= 2023 FIBA Basketball World Cup Group M =

Group M was one of four groups of the classification round of the 2023 FIBA Basketball World Cup. It took place from 31 August to 2 September 2023 and consisted of the bottom-two teams from Groups A and B. The results from the preliminary round were carried over. The teams played against the teams from the other group, with all games played at the Araneta Coliseum, Quezon City, Philippines. The first placed team was classified 17 to 20, the second placed team 21 to 24, the third placed team 25 to 28 and the fourth placed team 29 to 32.

==Qualified teams==

| Group | Third place | Fourth place |
|---|---|---|
| A | Angola | Philippines |
| B | South Sudan | China |

==Standings==

| Pos | Team | Pld | W | L | PF | PA | PD | Pts |
|---|---|---|---|---|---|---|---|---|
| 1 | South Sudan | 5 | 3 | 2 | 456 | 431 | +25 | 8 |
| 2 | Philippines (H) | 5 | 1 | 4 | 398 | 419 | −21 | 6 |
| 3 | Angola | 5 | 1 | 4 | 368 | 410 | −42 | 6 |
| 4 | China | 5 | 1 | 4 | 379 | 473 | −94 | 6 |

==Games==
All times are local (UTC+8).

===Angola vs. China===
This was the third game between Angola and China in the World Cup. The Angolans won the first two meetings in 1990 and 2002. The Chinese won in the group stage of the 2008 Olympic tournament, which was the last competitive game between the two teams.

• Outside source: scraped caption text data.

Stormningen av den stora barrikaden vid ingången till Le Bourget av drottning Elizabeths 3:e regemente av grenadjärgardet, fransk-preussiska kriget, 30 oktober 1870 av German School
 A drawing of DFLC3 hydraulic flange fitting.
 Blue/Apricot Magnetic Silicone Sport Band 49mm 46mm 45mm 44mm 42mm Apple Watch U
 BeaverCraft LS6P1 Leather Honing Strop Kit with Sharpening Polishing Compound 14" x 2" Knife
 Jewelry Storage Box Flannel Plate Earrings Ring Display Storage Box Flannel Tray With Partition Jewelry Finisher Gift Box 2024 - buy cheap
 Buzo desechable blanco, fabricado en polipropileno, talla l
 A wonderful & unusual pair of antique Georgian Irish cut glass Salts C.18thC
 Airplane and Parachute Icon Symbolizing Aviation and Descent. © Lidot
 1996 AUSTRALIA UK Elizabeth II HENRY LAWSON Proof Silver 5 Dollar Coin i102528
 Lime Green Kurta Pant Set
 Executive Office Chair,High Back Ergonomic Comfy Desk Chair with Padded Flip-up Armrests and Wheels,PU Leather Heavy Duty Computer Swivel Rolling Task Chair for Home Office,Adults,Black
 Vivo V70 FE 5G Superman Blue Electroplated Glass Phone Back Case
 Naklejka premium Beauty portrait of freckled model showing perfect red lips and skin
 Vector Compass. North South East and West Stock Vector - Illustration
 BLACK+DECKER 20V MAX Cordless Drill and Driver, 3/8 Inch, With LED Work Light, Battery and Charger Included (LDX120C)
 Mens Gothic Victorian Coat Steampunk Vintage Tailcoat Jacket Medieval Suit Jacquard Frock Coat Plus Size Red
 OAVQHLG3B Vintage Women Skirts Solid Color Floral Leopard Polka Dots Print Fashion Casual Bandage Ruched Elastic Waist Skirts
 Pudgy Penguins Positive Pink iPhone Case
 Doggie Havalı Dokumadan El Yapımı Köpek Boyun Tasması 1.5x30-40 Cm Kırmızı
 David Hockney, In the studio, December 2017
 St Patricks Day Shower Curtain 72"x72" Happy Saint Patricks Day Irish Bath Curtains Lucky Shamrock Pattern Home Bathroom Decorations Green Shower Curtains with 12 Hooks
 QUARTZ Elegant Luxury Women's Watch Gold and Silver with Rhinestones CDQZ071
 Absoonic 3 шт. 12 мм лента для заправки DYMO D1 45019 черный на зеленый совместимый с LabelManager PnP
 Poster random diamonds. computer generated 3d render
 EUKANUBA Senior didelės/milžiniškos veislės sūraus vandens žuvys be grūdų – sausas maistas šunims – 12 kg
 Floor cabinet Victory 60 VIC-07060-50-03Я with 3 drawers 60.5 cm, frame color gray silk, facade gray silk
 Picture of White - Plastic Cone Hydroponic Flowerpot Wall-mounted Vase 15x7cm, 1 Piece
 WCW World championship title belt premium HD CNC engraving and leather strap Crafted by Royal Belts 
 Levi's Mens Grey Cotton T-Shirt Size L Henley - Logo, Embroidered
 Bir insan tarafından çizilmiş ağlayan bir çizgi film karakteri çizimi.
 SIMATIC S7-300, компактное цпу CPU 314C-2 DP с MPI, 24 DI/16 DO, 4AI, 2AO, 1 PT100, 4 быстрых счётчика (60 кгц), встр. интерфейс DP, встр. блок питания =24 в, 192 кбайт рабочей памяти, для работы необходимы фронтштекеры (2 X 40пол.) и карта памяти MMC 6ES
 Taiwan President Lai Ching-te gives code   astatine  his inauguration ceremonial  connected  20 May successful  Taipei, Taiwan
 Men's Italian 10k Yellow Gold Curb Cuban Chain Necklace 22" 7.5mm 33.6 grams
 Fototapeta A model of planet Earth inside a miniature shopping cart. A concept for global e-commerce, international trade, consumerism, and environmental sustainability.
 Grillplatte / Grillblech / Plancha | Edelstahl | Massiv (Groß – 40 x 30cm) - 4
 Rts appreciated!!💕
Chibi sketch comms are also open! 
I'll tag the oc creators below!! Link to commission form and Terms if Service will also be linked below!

===South Sudan vs. Philippines===
This was the first competitive game between South Sudan and the Philippines.

===Angola vs. South Sudan===
This was the first competitive game between Angola and South Sudan.

===Philippines vs. China===
The Philippines and China last played against each other in the 2018 Asian Games with the latter team winning. This was also the Philippines' first win in the FIBA World Cup since 2014 and first ever win as host; Philippines finished winless in 1978 as host.